He subsequently attended Pont Sion Norton Junior School before moving on to Rhydyfelin Welsh Comprehensive School and finally Bryn Celynog School at Beddau when the family moved to Upper Church Village in 1974. When he left school he worked at a small engineering works at Pontypridd where he did a youth training scheme, and also travelled all over the country in his spare time with a friend who owned a long distance haulage firm. His main interests during his teenage years were the Air Training Corps, 2004 Squadron,and then his motor bike, watching sport and listening to pop music, especially 'Queen'.
Due to his interest in both aircraft and the military he was hoping to eventually join the RAF but was influenced sufficiently by his Grandfather, Idris Williams, into joining the Welsh Guards in 1980. Idris was a proud Ex-Welsh Guardsman (2nd Batt.) who had served as a tank driver right through the 2nd World War and was the servant (batman) to the famous artist Lt. Rex Whistler and was with him when he was killed near Caen, Northern France. Gareth joined the Guards in June 1980 and did his 'square bashing' and initial training at the Guards Depot, Pirbright, and the following year took part in the presentation of the Battalion's new colours at Windsor Castle and the Queen's Birthday Parade Trooping the Colour. This was followed by a training exercise in Kenya and as he was a keen shot with the rifle was awarded a Marksman medal. By the time of the Falklands War he was part of Support Company's Mortar Platoon and sailed South with 5 Brigade on the liner QE2 to South Georgia where they transferred to the SS Canberra which took them on to San Carlos in the Falkland Islands.

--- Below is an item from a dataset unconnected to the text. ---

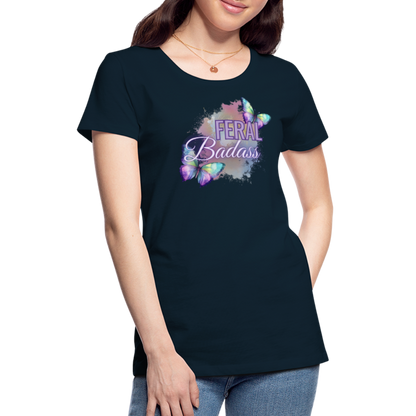 Feral Badass Women’s Premium T-Shirt - deep navy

After a couple of aborted attempts to move forward on foot over the Sussex Mountains and then another attempt on board HMS Fearless, when only half of the Battalion were put ashore by landing craft at Bluff Cove, the remainder were transported aboard RFA Landing Ship Sir Galahad on the night of 7-8 June to Port Pleasant near Fitzroy to support 2 Para's advance on Port Stanley. Unfortunately he lost his life in the well documented bombing of the ship by Argentinian aircraft along with 49 others including 31 of his fellow Welsh Guardsmen. To relieve the boredom during the 5 hours of being controversly kept aboard the ship in this extremely hostile environment, he played cards with 3 of his mates, 2 of whom, Raymond Thomas and Michael Dunphy also lost their lives, the other, Tony Scales, has had to live with that memory ever since. The hulk of the Sir Galahad burned for days and was eventually towed South of the Falklands, where it was torpedoed by submarine HMS Onyx and sank into the cold dark waters of the South Atlantic, where it remains to this day as the final resting place and official War Grave of these servicemen who were sadly not allowed the opportunity of proving themselves in battle.

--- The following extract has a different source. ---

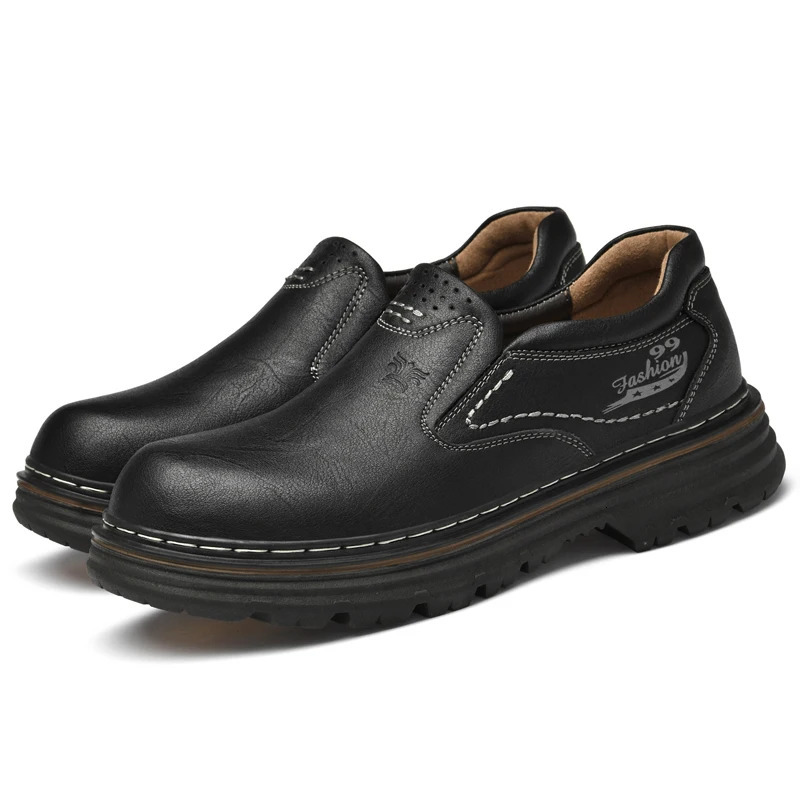 Vintage Style Men Genuine Leather Loafers Soft Rubber Man Casual Shoes NonSlip Leisure Walk Footwear Classic Outdoor Drive Shoe 251023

After the war a 2nd LSL 'Sir Galahad' went into service with the Royal Fleet Auxiliary, who also led an appeal to provide a new RNLI lifeboat to be placed at a Welsh lifeboat station due to the high number of Welsh servicemen killed during the attack on the Sir Galahad. Subsequently in September 1986 a RNLI Tyne class lifeboat named 'RFA Sir Galahad' was stationed at Tenby, Pembrokeshire, and Jan & Ray, who had many links with Tenby, both gave up their jobs of Nursing Sister & Aircraft Engineer respectively, and moved to Tenby with youngest daughter Alison to run a hotel they had bought. Unfortunately, in September 1988 Alison died following a tragic incident, and in May 1990 Gareth's mother Jan also passed away after a serious illness...

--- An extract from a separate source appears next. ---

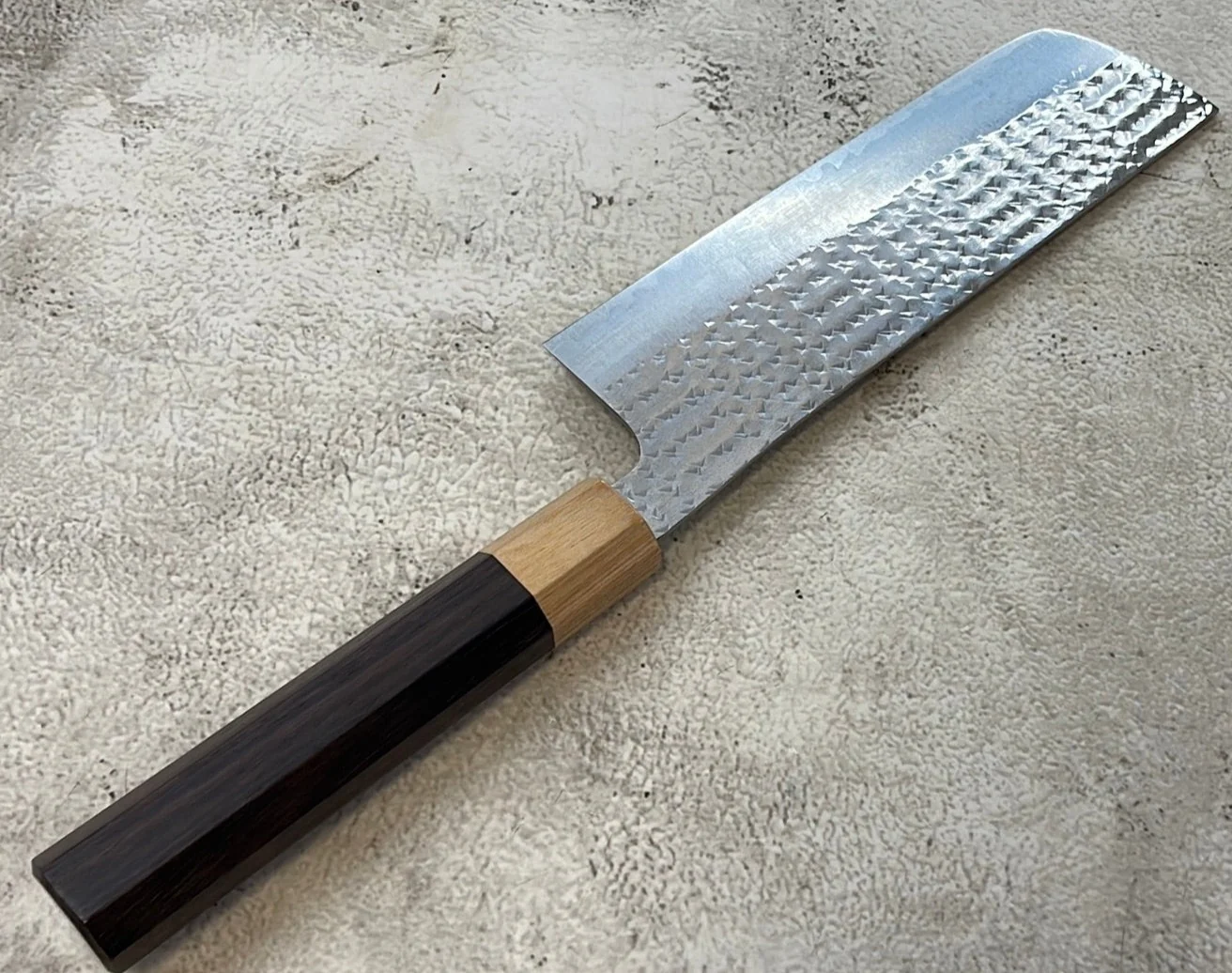Yu Kurosaki R2(SG2) Hammered SENKO-EI WA RS8H Japanese Nakiri 165mm with Brown-Ring Octagonal Handle - Image 15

The lifeboat 'RFA Sir Galahad' remained on station at Tenby until May 2006 and a Memorial/Commemoration plaque, commissioned by Ray, was unveiled by Philip Roberts, Captain of the RFA Sir Galahad at the time of the Falklands war, at a ceremony in the new RNLI lifeboat house, where it hangs alongside a lifebuoy off the 1st Sir Galahad and the ship's nameplate off the 2nd which was decommissioned in July 2006.